I am happy to report that all of the students did a great job and impressed the instructors with their ability to interpret their surroundings and give relevant and factually correct information. Many were able to deliver a guest experience that eclipsed the requirements for FGASA level 1 and this is a testament to their diligence and passion for the bush that has been evident throughout the course! As an assessor, there is something very emotional about watching students mature from complete amateurs into professional guides under your tutorage, and I can assure you that no one wanted them to succeed more than we did!!
The bush was kind to many and some great sightings of the marquis animals were enjoyed, including lion cubs, black rhino and even wild dogs! In the guiding world, there is no substitute for genuine passion. Anyone can pigeon learn facts and figures, but a good guide will show a true love of nature and those emotions are easily translated to their guests. Throughout the last week, we have all been impressed by their attitude more than anything else and I am confident that not only are we nurturing and training young guides for the industry, but that we are supplying it with guides whose passion and ethics WILL have an impact on the guests fortunate enough to spend time with them.
Now that the assessments are all but done however, the students have no time rest on their laurels.
Next week sees the start of the Trails Guide preparation where students will take the next step on their journey and immerse themselves further into this fascinating world as they take to the bush on foot.

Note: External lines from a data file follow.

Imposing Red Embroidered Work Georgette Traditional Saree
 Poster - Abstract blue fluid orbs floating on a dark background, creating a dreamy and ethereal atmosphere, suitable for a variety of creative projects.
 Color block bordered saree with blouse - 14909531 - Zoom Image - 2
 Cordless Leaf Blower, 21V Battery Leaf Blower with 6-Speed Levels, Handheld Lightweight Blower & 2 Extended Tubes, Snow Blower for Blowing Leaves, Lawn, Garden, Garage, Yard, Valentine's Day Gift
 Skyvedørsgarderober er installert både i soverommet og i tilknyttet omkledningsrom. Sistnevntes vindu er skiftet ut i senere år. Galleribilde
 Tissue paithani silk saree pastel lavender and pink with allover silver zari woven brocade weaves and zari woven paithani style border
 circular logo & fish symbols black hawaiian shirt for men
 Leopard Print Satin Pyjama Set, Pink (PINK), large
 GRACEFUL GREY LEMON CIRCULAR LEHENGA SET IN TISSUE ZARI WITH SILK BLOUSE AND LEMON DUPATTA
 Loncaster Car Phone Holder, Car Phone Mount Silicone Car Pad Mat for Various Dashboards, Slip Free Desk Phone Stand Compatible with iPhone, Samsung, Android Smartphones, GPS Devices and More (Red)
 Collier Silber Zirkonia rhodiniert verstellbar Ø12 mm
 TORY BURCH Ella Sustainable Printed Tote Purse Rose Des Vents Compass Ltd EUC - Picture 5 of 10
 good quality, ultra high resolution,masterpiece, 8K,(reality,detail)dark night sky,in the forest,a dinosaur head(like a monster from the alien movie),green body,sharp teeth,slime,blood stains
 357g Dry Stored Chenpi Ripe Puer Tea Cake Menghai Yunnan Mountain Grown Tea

This is the best way to experience nature: without the noise of the engine and without the creature comforts that accompany it. To walk in silence through the bush is one of the most humbling and moving experiences that one can have and there is something inexplicably special to watch an elephant feeding or a giraffe drifting across the plains, blissfully unaware of your presence. This is how life used to be, before the advent of technology. It is a primal feeling and one that will change the lives of many of the students forever!
Bush greetings Ben & the Bushwise Team!